Senator Ron Johnson led the effort, calling for Republicans to take control of the elections because, he said, Democrats can’t be expected to “follow the rules.” In the 2022 election, the Trump-endorsed Republican candidate for governor, Tim Michels, promised, “Republicans will never lose another election in Wisconsin after I’m elected governor.”
Their effort failed only because they fell two seats shy of the supermajority they needed.
By shaping the state maps and limiting the power of Democratic constituencies, Republicans have also taken control of the state supreme court, which sides with the Republican lawmakers’ attempts to cement their own power. Now voters have the chance to shift the makeup of that court. Doing so would make it possible that new challenges to the gerrymandered maps would succeed, returning fairness to the electoral system.
Wisconsin journalist Dan Shafer, who writes The Recombobulation Area, is following the race closely. His coverage reveals how the candidates’ framing of the election mirrors a larger debate about democracy. Theoretically, the election is nonpartisan, but Republicans paid former state supreme court justice Dan Kelly $120,000 to consult on Trump’s false elector scheme to overturn the 2020 presidential election, and he was on the payroll of the Republican National Committee until last December. In 2012 he defended the Republicans’ gerrymandered maps in court.

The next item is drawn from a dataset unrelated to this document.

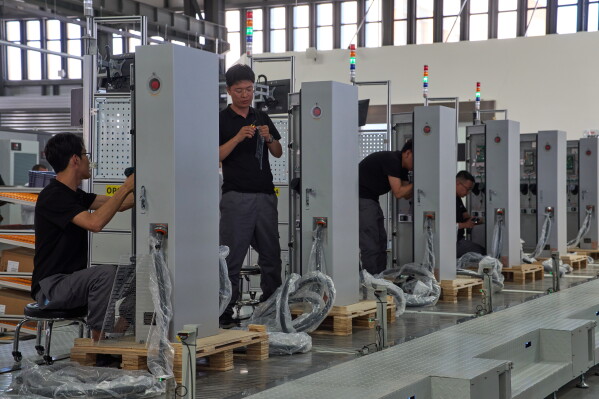 Workers assemble charging stations at the Mengma Intelligent Transportation Equipment Manufacturing Base in Hohot in northern China's Inner Mongolia province on Thursday, June 11, 2026. (AP Photo/Ng Han Guan, file)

For her part, Milwaukee County judge Janet Protasiewicz has made it clear she opposes the gerrymandered maps. “Let’s be clear here: The maps are rigged. Absolutely positively rigged,” she said in a candidates’ forum in January. “They do not reflect the people in the state. They do not reflect accurate representation, either in the State Assembly or the State Senate. They are rigged, period. I don’t think it would sell to any reasonable person that the maps are fair.”
Shafer noted that supreme court terms are for ten years, so if the court does not shift in this election, it, along with the gerrymandered maps, will remain in place “for the foreseeable future.” The race ultimately comes down to checks and balances, he says. The court has not checked the legislature, which has entrenched one-party rule in Wisconsin.
“This isn’t to say the maps should be redrawn to instead benefit Democrats,” Shafer continued. “Far from it. It’s about fairness. Some years Democrats will win a majority, other years Republicans will win a majority. If one party isn’t doing their job, voters should be able to do something about it. It’s about crafting a system that reflects the people of Wisconsin and can be responsive to the state’s voters. We don’t have that right now. And that has to be the goal.”